Saved data entries:
_ _ _ _

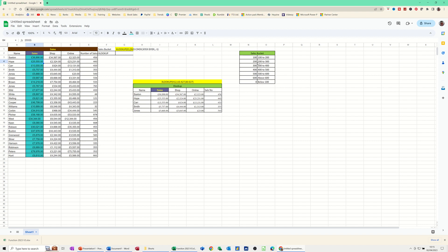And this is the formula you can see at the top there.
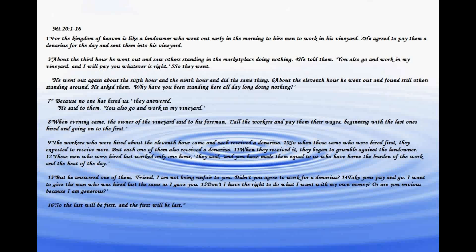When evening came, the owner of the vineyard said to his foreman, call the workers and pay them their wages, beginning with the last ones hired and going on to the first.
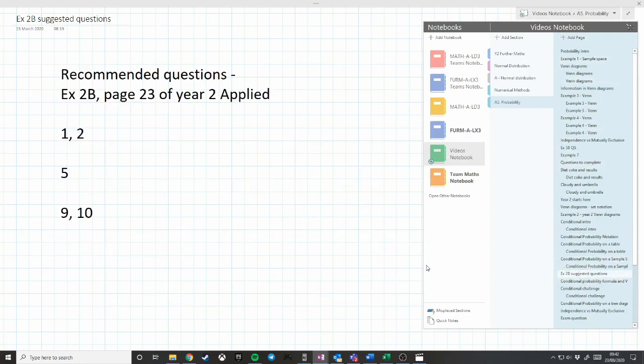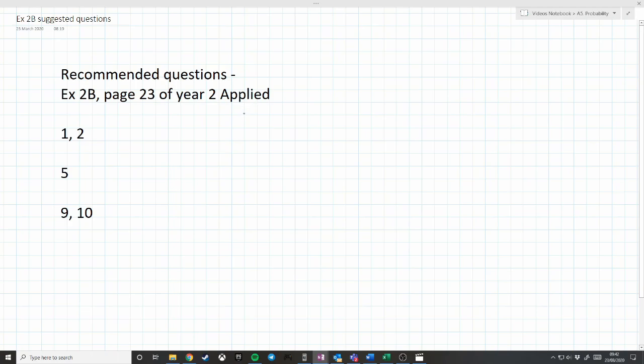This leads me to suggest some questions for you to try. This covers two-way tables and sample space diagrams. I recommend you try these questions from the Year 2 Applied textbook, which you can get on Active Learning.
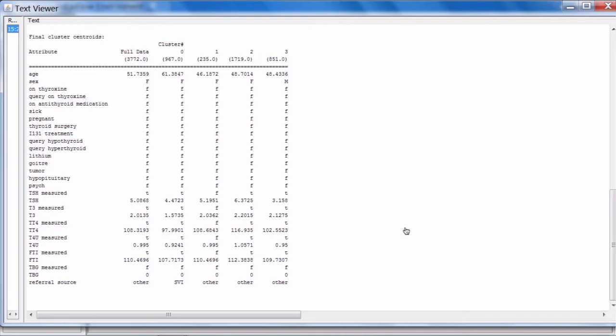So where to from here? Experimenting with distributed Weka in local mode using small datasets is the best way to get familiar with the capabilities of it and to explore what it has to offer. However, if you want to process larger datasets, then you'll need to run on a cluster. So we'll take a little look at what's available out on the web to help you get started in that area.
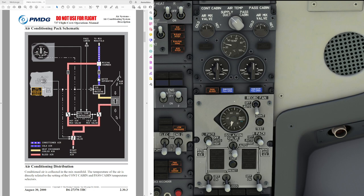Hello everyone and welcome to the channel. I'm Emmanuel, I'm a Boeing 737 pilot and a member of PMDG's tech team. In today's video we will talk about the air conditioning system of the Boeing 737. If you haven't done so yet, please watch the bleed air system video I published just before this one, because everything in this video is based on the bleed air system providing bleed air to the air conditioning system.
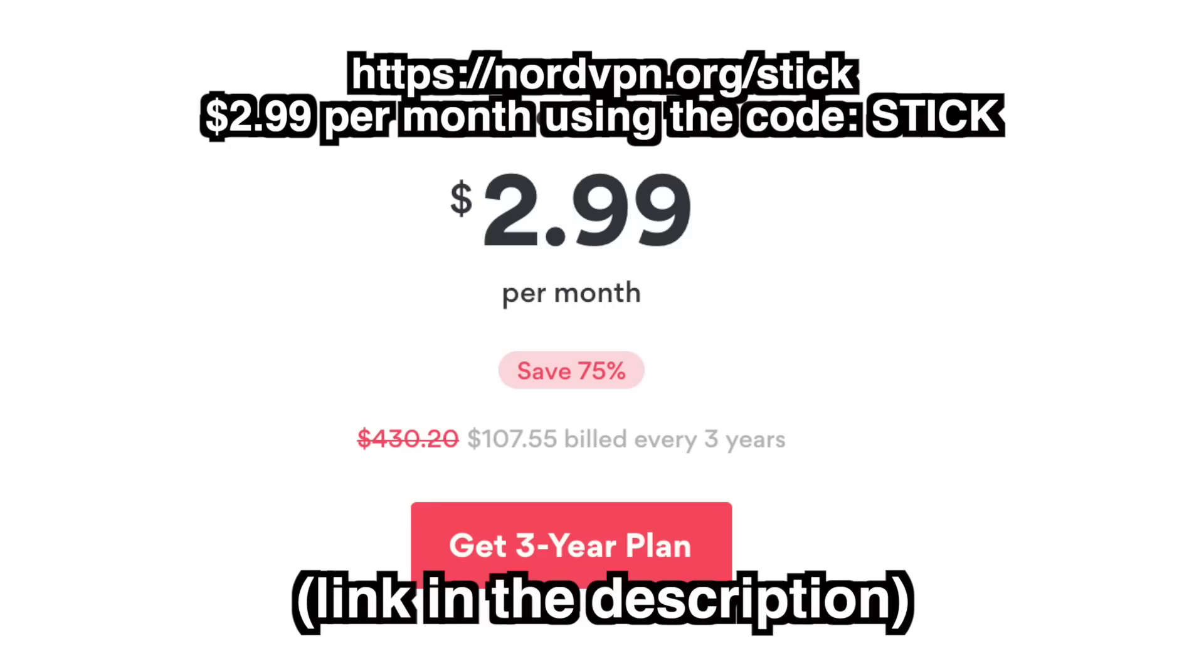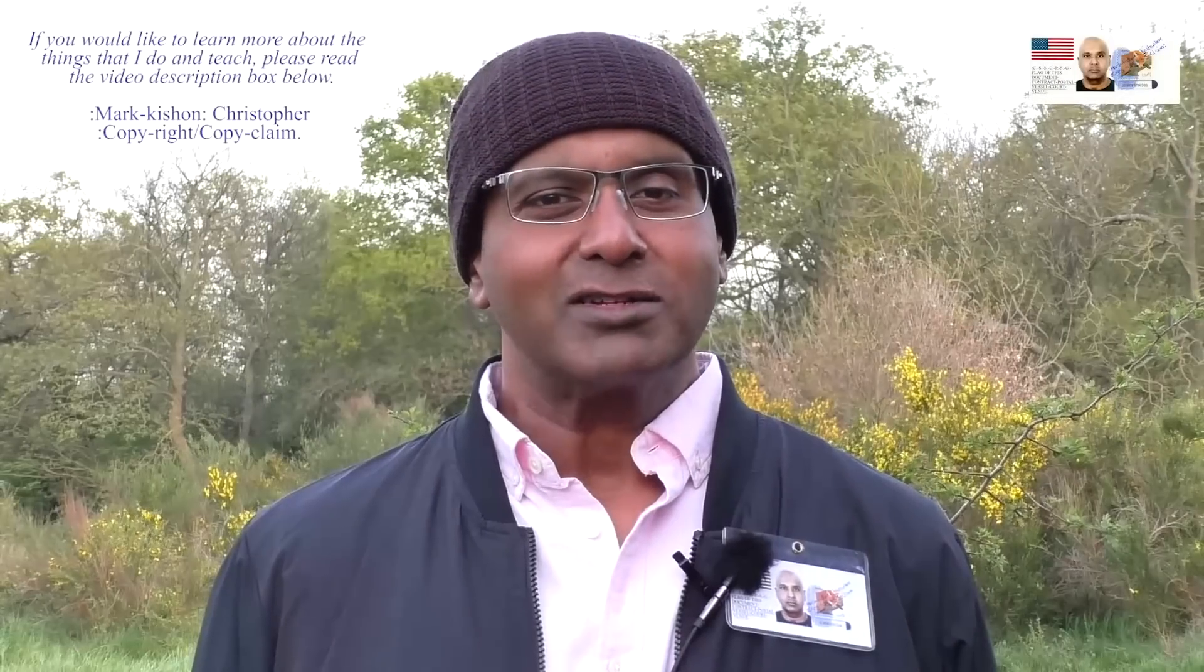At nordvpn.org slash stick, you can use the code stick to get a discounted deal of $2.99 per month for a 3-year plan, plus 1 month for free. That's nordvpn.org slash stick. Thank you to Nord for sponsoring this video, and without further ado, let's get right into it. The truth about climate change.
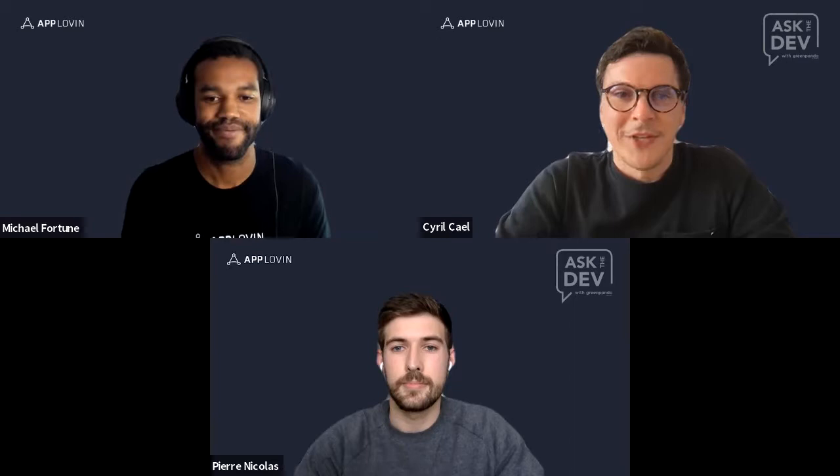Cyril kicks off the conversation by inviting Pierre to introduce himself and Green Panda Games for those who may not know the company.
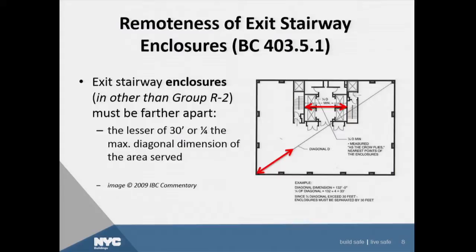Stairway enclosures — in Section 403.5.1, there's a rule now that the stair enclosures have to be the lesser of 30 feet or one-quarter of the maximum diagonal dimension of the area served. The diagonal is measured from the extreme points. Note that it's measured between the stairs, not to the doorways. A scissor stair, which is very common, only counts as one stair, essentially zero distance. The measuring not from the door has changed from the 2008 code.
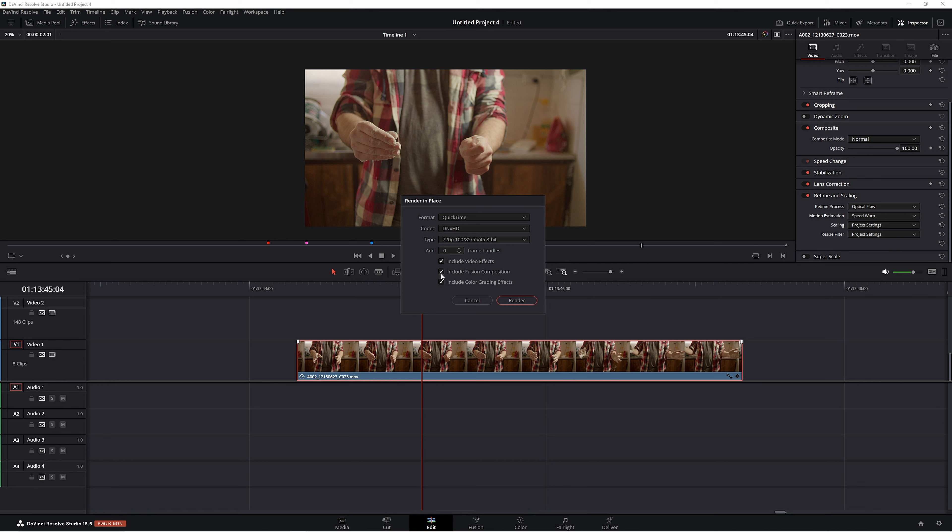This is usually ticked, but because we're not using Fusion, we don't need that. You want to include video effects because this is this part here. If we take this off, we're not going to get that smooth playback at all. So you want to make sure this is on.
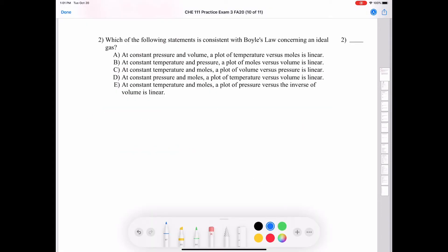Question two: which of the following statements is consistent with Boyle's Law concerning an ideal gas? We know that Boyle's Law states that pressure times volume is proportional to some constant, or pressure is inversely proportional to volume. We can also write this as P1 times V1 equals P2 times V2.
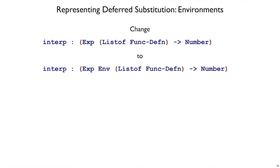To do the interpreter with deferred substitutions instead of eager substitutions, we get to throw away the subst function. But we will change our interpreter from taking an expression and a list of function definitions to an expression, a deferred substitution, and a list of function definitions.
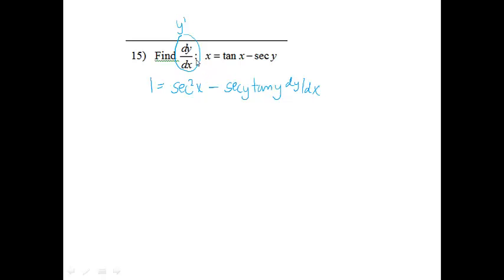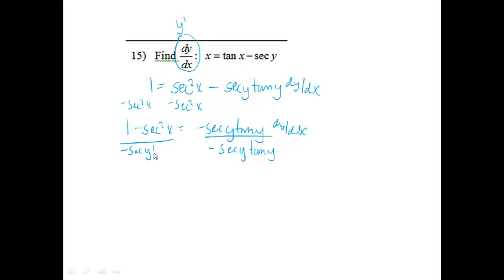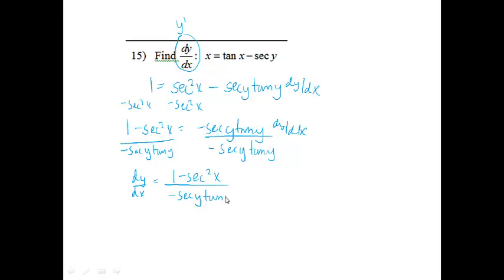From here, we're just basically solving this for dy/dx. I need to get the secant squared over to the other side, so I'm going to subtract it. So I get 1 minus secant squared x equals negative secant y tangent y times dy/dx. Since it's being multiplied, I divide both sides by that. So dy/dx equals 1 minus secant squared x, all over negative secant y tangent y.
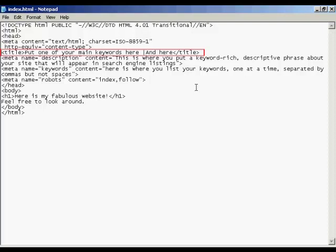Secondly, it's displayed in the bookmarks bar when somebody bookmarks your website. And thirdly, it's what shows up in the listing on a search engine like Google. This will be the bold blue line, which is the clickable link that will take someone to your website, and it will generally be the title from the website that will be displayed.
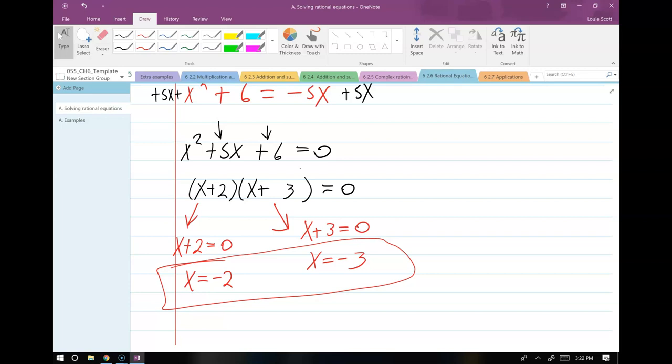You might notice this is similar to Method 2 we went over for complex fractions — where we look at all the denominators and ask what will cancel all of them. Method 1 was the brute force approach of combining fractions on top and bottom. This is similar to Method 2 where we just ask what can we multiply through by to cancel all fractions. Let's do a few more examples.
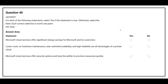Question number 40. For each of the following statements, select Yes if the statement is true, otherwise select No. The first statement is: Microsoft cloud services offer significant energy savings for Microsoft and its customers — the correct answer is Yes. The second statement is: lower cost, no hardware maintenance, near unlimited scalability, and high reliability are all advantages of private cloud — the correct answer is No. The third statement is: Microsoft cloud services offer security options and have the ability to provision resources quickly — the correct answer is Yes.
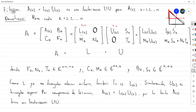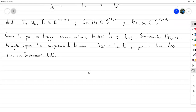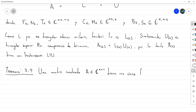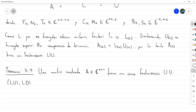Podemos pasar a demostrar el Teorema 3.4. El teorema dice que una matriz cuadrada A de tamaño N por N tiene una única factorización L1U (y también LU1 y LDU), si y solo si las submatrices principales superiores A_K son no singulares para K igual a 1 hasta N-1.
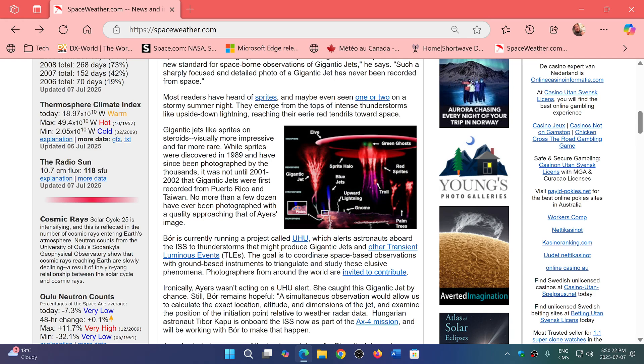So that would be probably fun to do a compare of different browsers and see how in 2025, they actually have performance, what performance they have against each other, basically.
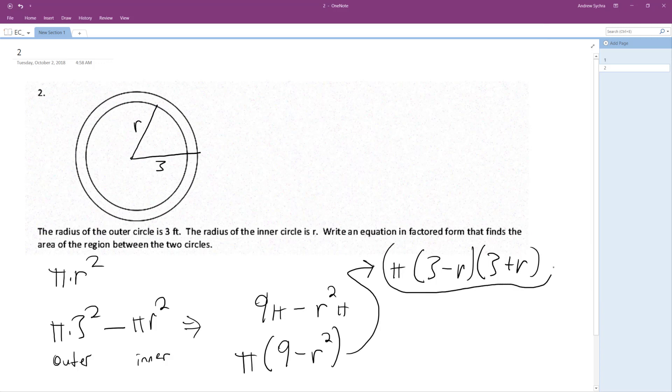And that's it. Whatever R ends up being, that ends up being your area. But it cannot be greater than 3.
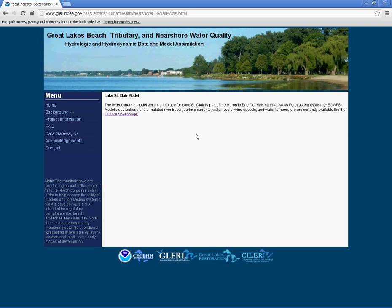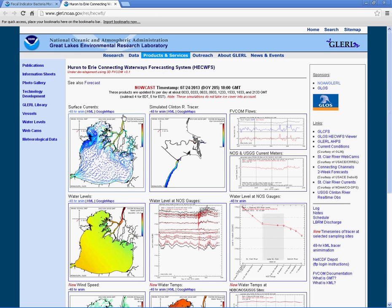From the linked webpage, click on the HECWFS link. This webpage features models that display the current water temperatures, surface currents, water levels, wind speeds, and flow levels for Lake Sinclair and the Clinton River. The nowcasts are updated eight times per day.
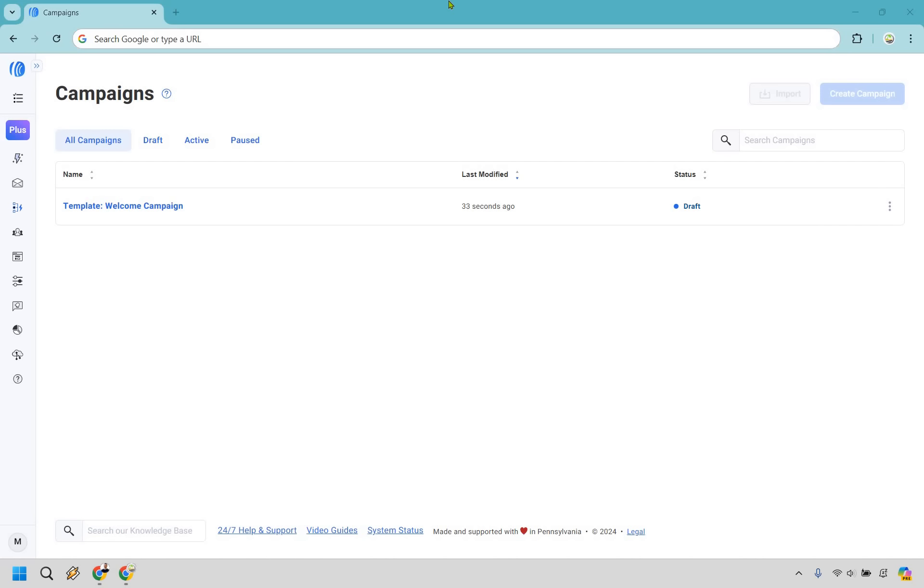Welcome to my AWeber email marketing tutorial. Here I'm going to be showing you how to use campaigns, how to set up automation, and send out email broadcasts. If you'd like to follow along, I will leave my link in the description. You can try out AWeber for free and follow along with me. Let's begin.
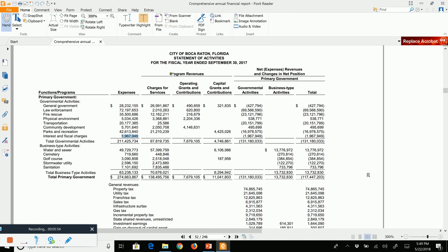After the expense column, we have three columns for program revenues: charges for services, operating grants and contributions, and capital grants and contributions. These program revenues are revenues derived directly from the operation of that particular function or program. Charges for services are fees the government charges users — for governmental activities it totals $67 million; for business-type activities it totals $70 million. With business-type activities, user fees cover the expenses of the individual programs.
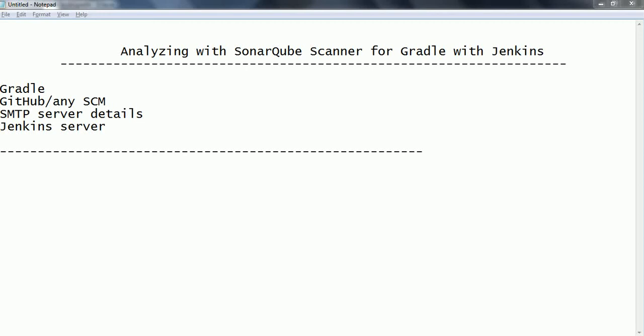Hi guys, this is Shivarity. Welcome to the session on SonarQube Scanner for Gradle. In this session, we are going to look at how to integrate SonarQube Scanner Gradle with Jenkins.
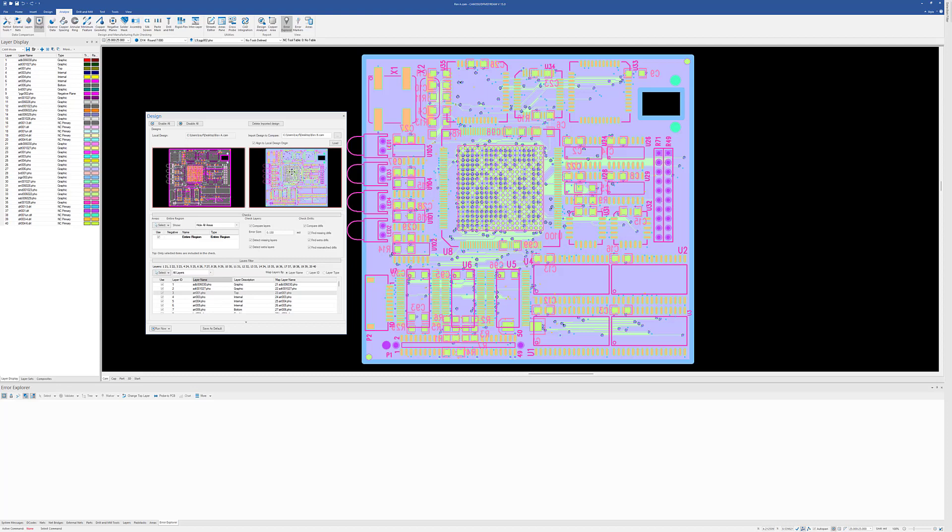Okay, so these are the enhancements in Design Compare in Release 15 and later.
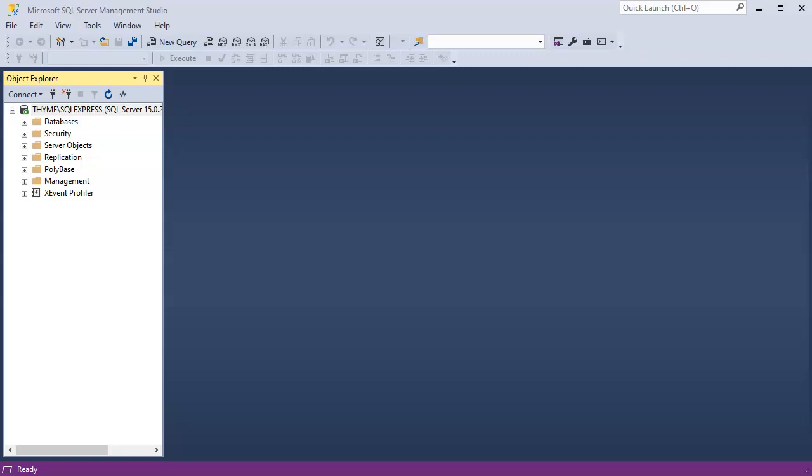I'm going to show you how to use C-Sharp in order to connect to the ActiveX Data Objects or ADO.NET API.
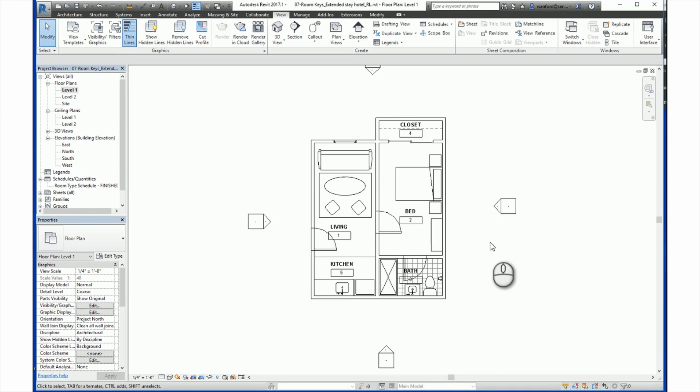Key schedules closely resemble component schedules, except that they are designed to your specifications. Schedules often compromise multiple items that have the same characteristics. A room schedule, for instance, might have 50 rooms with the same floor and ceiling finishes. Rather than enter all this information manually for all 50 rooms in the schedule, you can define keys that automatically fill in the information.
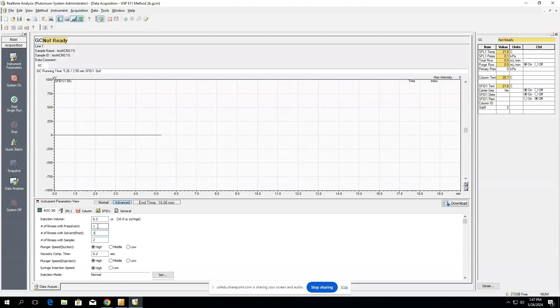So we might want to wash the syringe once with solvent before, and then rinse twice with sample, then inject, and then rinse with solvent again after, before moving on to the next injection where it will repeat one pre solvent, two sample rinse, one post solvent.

_ _ _ _

How to complete this task = Starting at the line containing "This is usually" and stopping at the line containing "To do the interpreter", output every line above exactly, both ends included, with pictures omitted.

Written answer =
This is usually ticked, but because we're not using Fusion, we don't need that. You want to include video effects because this is this part here. If we take this off, we're not going to get that smooth playback at all. So you want to make sure this is on.
Question two: which of the following statements is consistent with Boyle's Law concerning an ideal gas? We know that Boyle's Law states that pressure times volume is proportional to some constant, or pressure is inversely proportional to volume. We can also write this as P1 times V1 equals P2 times V2.
To do the interpreter with deferred substitutions instead of eager substitutions, we get to throw away the subst function. But we will change our interpreter from taking an expression and a list of function definitions to an expression, a deferred substitution, and a list of function definitions.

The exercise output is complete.